EXERCISE GOAL - A verbatim copy of the lines starting at the one with "this 1200×675 image." and ending at the last line below is required; include nothing else.

Stored data entries

::::::::

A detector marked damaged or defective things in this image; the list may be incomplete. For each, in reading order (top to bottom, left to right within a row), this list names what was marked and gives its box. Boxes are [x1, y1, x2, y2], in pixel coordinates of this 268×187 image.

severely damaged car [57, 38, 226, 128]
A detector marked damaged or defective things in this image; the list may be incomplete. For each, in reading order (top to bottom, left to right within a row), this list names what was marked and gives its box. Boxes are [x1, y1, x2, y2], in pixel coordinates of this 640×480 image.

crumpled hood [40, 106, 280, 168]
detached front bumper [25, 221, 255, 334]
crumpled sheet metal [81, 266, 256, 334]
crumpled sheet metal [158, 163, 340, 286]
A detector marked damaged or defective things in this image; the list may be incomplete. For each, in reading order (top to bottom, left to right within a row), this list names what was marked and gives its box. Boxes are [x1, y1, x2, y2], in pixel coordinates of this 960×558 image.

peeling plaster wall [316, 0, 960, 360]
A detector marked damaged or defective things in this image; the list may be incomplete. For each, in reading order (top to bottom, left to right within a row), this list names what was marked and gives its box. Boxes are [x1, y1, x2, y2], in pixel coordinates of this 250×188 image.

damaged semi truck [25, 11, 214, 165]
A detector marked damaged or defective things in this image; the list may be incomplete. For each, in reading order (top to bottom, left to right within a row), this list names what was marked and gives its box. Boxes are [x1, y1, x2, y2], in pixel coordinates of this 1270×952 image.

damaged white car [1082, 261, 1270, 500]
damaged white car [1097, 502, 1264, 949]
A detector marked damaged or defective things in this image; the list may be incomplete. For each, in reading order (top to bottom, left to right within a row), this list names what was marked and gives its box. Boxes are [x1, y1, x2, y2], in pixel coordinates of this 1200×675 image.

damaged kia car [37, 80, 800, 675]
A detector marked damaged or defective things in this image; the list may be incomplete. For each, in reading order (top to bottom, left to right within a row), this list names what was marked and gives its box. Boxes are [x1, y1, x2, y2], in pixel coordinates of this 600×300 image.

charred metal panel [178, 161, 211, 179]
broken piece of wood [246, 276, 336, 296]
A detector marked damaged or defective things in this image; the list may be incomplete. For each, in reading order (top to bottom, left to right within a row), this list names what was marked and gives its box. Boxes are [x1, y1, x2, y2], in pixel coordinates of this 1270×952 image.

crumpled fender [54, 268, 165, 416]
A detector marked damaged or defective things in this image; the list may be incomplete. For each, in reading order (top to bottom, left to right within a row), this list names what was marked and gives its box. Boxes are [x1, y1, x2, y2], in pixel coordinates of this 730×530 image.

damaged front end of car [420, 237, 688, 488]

::::::::

RESULT FOR THIS EXERCISE -
A detector marked damaged or defective things in this image; the list may be incomplete. For each, in reading order (top to bottom, left to right within a row), this list names what was marked and gives its box. Boxes are [x1, y1, x2, y2], in pixel coordinates of this 1200×675 image.

damaged kia car [37, 80, 800, 675]
A detector marked damaged or defective things in this image; the list may be incomplete. For each, in reading order (top to bottom, left to right within a row), this list names what was marked and gives its box. Boxes are [x1, y1, x2, y2], in pixel coordinates of this 600×300 image.

charred metal panel [178, 161, 211, 179]
broken piece of wood [246, 276, 336, 296]
A detector marked damaged or defective things in this image; the list may be incomplete. For each, in reading order (top to bottom, left to right within a row), this list names what was marked and gives its box. Boxes are [x1, y1, x2, y2], in pixel coordinates of this 1270×952 image.

crumpled fender [54, 268, 165, 416]
A detector marked damaged or defective things in this image; the list may be incomplete. For each, in reading order (top to bottom, left to right within a row), this list names what was marked and gives its box. Boxes are [x1, y1, x2, y2], in pixel coordinates of this 730×530 image.

damaged front end of car [420, 237, 688, 488]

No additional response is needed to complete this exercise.